Dem Journalisten Bartsch standen andere, publizistische Mittel zur Verfügung, um für seine Ideen zu kämpfen. Obwohl die "Wiener Zeitung" auch unter Joseph II. keineswegs von der Zensur befreit war, gelang es dem jungen Blattmacher, freigeistige Akzente zu setzen. Sein größter Erfolg: Er druckte die französische Erklärung der Menschen- und Bürgerrechte in deutscher Übersetzung und vollem Wortlaut, und zwar in zwei Teilen, am 9. und 16. September 1789.
"Alle Menschen sind frey geboren, und bleiben frey und gleich in Ansehung der Rechte." Oder: "Das Gesetz ist der Ausdruck des allgemeinen Willens. Alle Bürger haben das Recht, persönlich oder durch ihre Stellvertreter das Gesetz machen zu helfen; es muß für alle gelten (. . .)". Oder: Jeder Bürger kann "frey reden, schreiben und drucken lassen". Solche Aussagen, die nun dank "Wiener Zeitung" im ganzen Habsburgerreich gelesen werden konnten, waren Sprengstoff für absolute Monarchien. Das sah bei aller Fortschrittlichkeit auch Joseph II. so.

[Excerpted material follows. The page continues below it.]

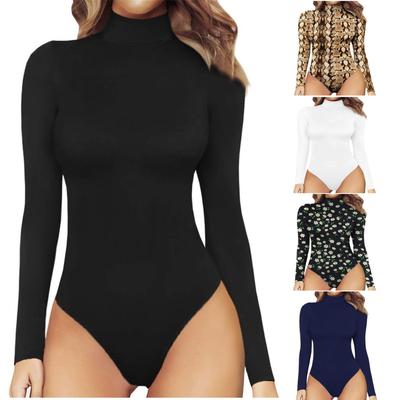 Women's Mock Printing Fashion Turtle Neck Tops Long Sleeve Bodysuit Jumpsuit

Nachdem der Regent nur wenige Monate später, am 20. Februar 1790, gestorben war, änderte sich das politische Klima. Wer sich für Demokratie einsetzte oder in Verdacht stand, mit der Französischen Revolution zu sympathisieren, war in ernster Gefahr. Es kam zu Denunziationen, Verhaftungen und Todesurteilen. Bartsch, dessen Haltung den Behörden bekannt war, entging dem nur knapp. Ein Spitzel schwärzte den Journalisten 1791 an und schrieb an Kaiser Leopold II., die "WZ" fange an, "allmälig sehr gefährlich zu werden". Dass Bartsch es schaffte, sich trotzdem noch einige Jahre auf seinem Posten zu halten, ist bemerkenswert.
In der Rauhensteingasse
Als in der Nacht auf 5. Dezember 1791 Mozart im Alter von nur 35 Jahren starb, erwies ihm unser Blatt ein letztes Mal die Ehre. In einem Nachruf gedenkt man des Komponisten, der mit seiner Kunst "die Stufe der größten Meister erstiegen" habe.
Aus der am 10. Dezember in der "WZ" publizierten Totenliste erfahren wir die damalige Adresse des Tonsetzers: Rauhensteingasse Nr. 970 (der Nachfolgebau trägt heute die Nummer 8). Gleich gegenüber von Mozarts Sterbehaus sollte später die Redaktion eine neue Heimstätte beziehen. Dort würde nicht nur Bartsch, der 1811 als "WZ"-Chef für einige Jahre zurückkehrte, turbulente Zeiten erleben.